Start of DATASET SECTION
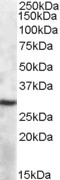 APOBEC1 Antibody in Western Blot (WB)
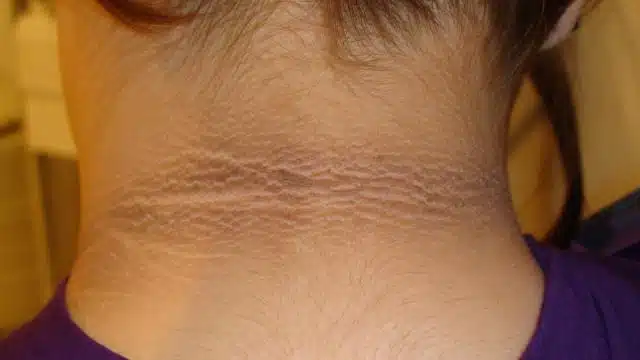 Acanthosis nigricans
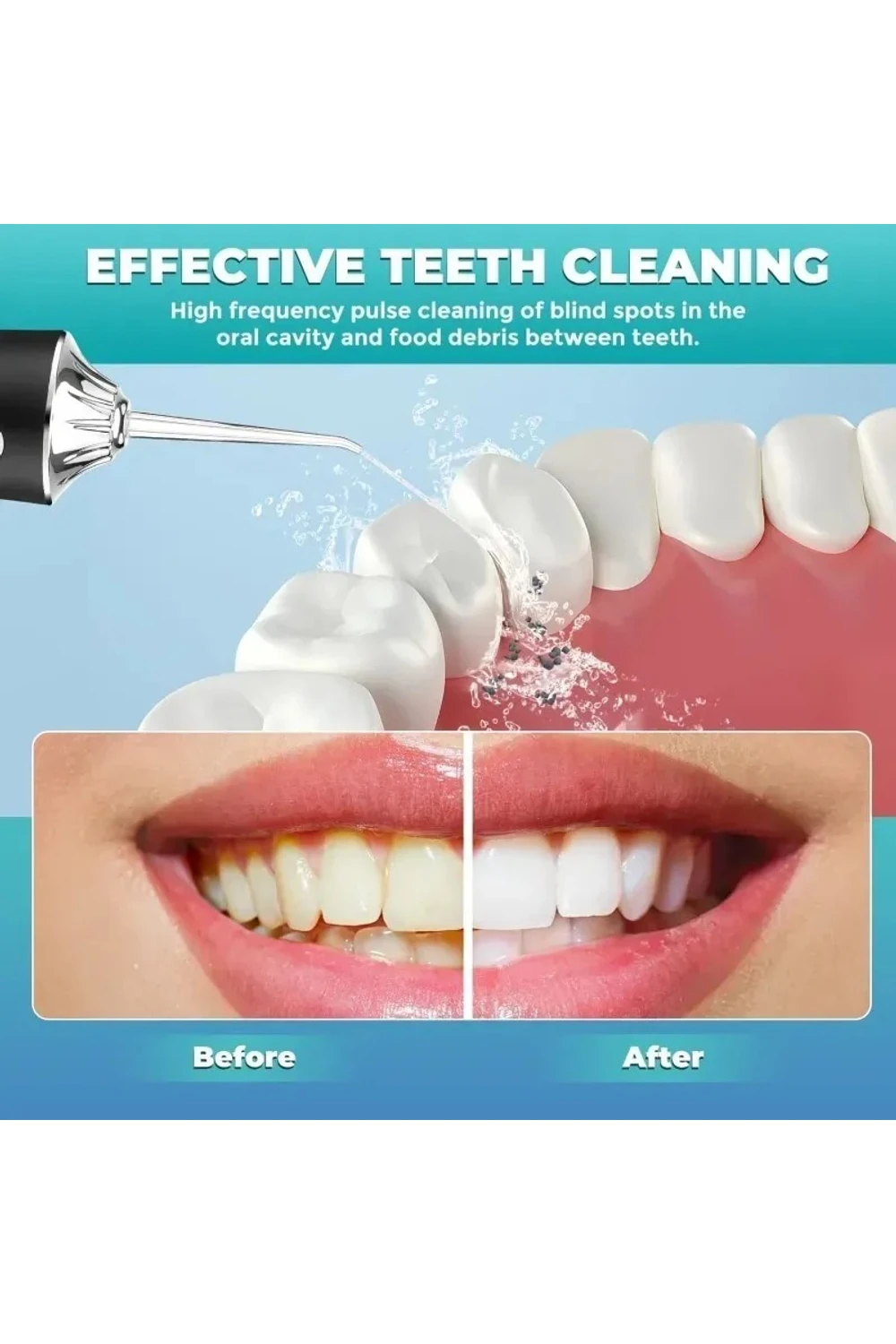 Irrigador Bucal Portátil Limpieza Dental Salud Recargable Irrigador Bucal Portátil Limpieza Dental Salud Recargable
End of DATASET SECTION
# [WORK REQUIRED]
What is needed is a verbatim copy of the material, minus its pictures.

# [ANSWER TO THE PROBLEM]
 APOBEC1 Antibody in Western Blot (WB)
 Acanthosis nigricans
 Irrigador Bucal Portátil Limpieza Dental Salud Recargable Irrigador Bucal Portátil Limpieza Dental Salud Recargable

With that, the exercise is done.